When ready, Copy into a clipboard the contents of Terminal window with the data loadings and queries processed above and the messages and results listed in the window and Paste the results from a clipboard into a text file solution3.txt.
Deliverables
A file solution3.txt that contains a listing of data loadings and queries performed above , the messages and results of operations. A file solution3.txt must be created through Copy/Paste of the contents of Terminal window into a file solution3.txt. No screen dumps are allowed and no screen dumps will be evaluated.
Task 4 (5 marks)
Data processing with Spark
Consider the following denormalized logical schema of one-dimensional data cube.

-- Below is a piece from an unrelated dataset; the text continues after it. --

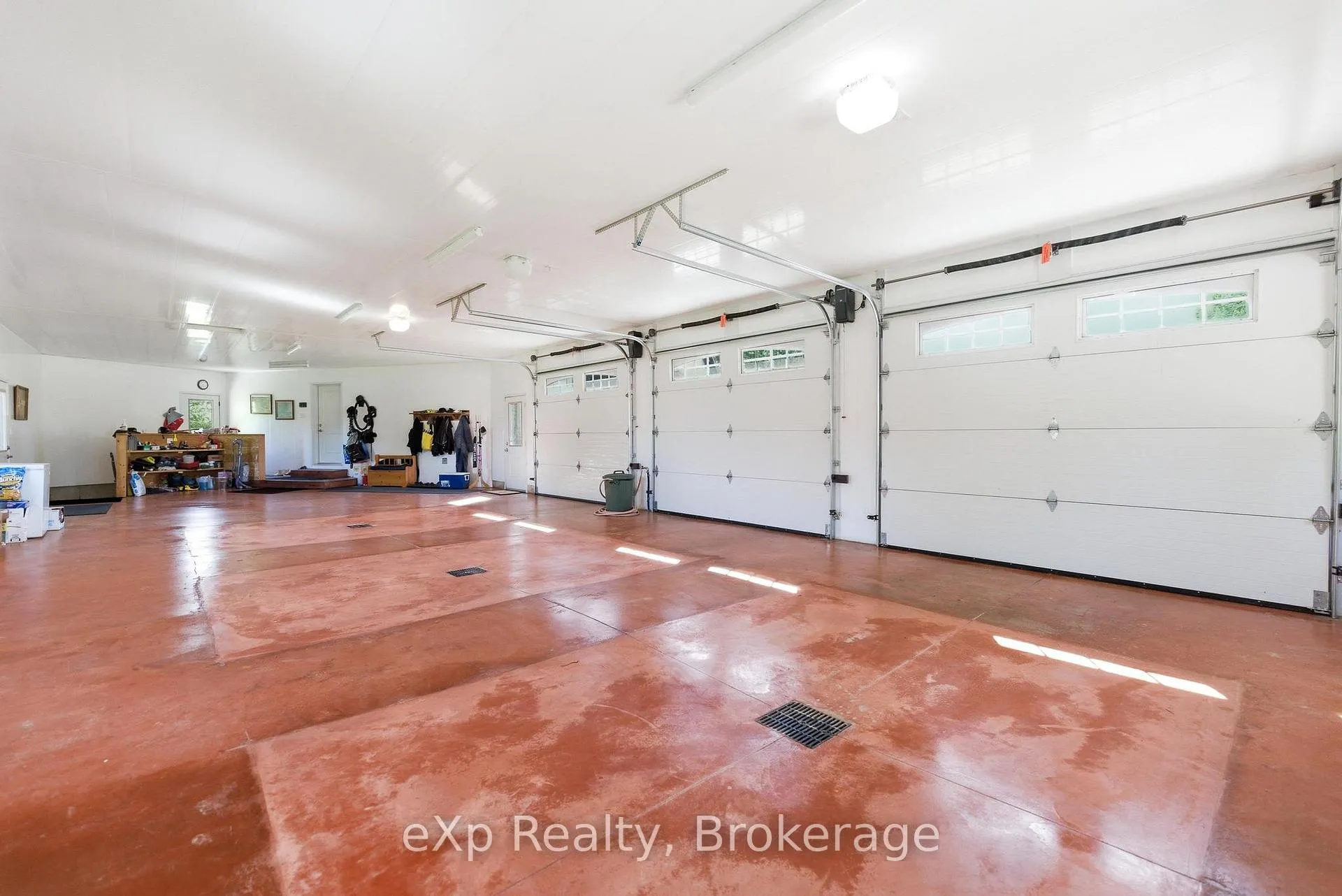 Photo 14 of 100 Harris Crescent, Southgate — HOMEH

Download a file task4.zip published on Moodle together with a specification of Assignment 3 and unzip it. You should obtain a folder task4 with the following files:
bank.csv, account.csv, and transaction.csv. Use a text editor to examine the contents of the files.

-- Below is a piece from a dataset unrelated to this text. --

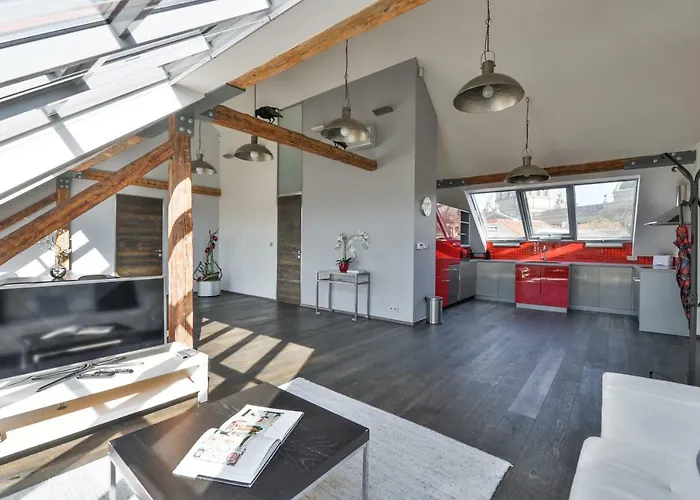 Designer Loft Apartment *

Upload the files bank.csv, account.csv, and transaction.csv to HDFS.
Open Terminal window and start pyspark command line interface to Spark. Use pyspark command line interface to implement the following actions. Implementation of each action is worth 1 mark.
(1) Create the schemas for the files bank.csv, account.csv, and transaction.csv.
(2) Create the data frames with the contents of the files bank.csv, account.csv, and transaction.csv using the schemas created in the previous step.
Count the total number of rows in each frame. and then list the contents of each frame.
(3) Implement the following query on a data frame. that contains information about the transactions.
Find the total amount of money involved in the deposit transactions per each bank. You can skip the banks that had no deposit transactions. Sort the results in the ascending order of the total amount of money found.
(4) Create a temporary view over a data frame. with information about the transactions.
(5) Implement the following query on a temporary view that contains information about the transactions.
Find the total amount of money involved in the deposit transactions per each bank. You can skip the banks that had no deposit transactions. Sort the results in the ascending order of the total amount of money found.
When ready, Copy into a clipboard the contents of Terminal window with the operations processed above and the results listed in the window and Paste the results from a clipboard into a text file solution4.txt.
Deliverables
A file solution4.txt that contains a listing of operations performed above and the results of operations. A file solution4.txt must be created through Copy/Paste of the contents of Terminal window into a file solution4.txt. No screen dumps are allowed and no screen dumps will be evaluated.